Nevertheless, even on a man as hard as the Black Count, the pressures of lordship were immense. Much more was at stake than his own fortunes. “Fearful of the day of judgement”:
18
so Fulk described himself. The same blood that had soaked the fields of Anjou, and served to fertilise his greatness, could not help but remind him too of the terrifying vanity of all mortal wishes. “For the fragility of the human race being what it is,” as he acknowledged bleakly, “the last moment may arrive at any time, suddenly and unforeseen.”
19
Always, amid the harrying of his adversaries, and the trampling of their ambitions, and the shattering of their swords, he dreaded ambush by the deadliest foe of all. Strategies to blunt the meat-hook of the Devil, and to fend off his assaults, were never far from Fulk’s mind. So it was, for instance, haunted by the thought of the Christian blood he had spilled at Conquereuil, that he founded “a church, a most beautiful one,”
20
in a field named
Belli Locus
, the Place of Battle.
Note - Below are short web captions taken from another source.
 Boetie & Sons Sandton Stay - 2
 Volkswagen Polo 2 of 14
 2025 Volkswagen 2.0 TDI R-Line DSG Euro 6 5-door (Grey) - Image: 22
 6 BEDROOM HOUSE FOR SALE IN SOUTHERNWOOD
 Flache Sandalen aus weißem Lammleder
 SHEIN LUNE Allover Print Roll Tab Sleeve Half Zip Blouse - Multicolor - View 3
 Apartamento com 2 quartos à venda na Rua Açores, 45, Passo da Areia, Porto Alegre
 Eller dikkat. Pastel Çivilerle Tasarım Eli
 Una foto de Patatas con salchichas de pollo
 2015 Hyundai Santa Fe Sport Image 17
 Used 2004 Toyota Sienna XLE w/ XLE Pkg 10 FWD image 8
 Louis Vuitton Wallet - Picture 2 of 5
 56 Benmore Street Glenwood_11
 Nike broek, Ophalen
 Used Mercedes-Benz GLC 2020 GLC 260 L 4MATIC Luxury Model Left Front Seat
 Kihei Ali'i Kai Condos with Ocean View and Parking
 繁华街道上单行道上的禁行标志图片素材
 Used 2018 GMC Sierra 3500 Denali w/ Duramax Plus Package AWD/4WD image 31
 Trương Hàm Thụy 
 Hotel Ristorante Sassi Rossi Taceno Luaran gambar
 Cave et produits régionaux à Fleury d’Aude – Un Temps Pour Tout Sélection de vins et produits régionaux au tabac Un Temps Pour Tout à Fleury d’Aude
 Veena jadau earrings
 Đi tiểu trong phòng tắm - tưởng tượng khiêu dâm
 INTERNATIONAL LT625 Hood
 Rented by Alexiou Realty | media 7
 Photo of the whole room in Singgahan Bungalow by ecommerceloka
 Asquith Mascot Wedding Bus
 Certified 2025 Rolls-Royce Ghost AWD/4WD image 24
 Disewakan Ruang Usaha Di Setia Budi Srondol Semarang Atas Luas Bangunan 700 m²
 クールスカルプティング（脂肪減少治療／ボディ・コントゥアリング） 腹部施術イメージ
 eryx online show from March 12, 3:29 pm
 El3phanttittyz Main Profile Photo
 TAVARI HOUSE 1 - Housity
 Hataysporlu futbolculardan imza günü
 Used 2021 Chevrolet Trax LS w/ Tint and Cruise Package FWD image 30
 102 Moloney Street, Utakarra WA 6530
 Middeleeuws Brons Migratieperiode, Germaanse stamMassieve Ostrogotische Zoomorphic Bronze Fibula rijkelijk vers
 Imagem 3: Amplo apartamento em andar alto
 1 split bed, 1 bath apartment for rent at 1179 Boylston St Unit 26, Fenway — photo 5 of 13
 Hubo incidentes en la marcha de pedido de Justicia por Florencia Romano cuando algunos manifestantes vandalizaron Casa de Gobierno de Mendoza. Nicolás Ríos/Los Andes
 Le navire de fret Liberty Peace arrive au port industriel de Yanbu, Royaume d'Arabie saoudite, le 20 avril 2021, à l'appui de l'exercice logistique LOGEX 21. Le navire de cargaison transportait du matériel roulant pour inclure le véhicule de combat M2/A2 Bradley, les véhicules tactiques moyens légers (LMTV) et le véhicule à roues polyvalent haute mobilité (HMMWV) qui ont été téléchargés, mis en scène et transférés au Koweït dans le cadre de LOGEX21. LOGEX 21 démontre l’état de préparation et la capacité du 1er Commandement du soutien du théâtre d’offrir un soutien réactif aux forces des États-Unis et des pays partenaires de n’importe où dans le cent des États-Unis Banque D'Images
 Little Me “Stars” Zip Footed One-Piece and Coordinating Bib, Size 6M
The count’s many enemies, scornful of what they saw as his crocodile tears, were naturally exultant when on the very day of its consecration a violent wind blew down its roof and a part of its wall: “for no one doubted that by his insolent presumption he had rendered his offering void.”
21
Perhaps – and yet to damn Fulk as a hypocrite was to misrepresent just how profoundly he feared for his soul, and for the troubled times in which he lived. “The end of the world being at hand, men are driven by a shorter life, and a more
atrocious cupidity consumes them”:
22
so had written a monk living in Poitiers, on the southern flank of Anjou, even as Fulk’s horsemen were raiding the fields beyond his monastery. Yet Fulk himself, had this judgement been brought to his attention, would not have disputed it. All his crimes and ravins, and all that he had won by them as well, he presumed to dedicate to a cause far nobler than his own.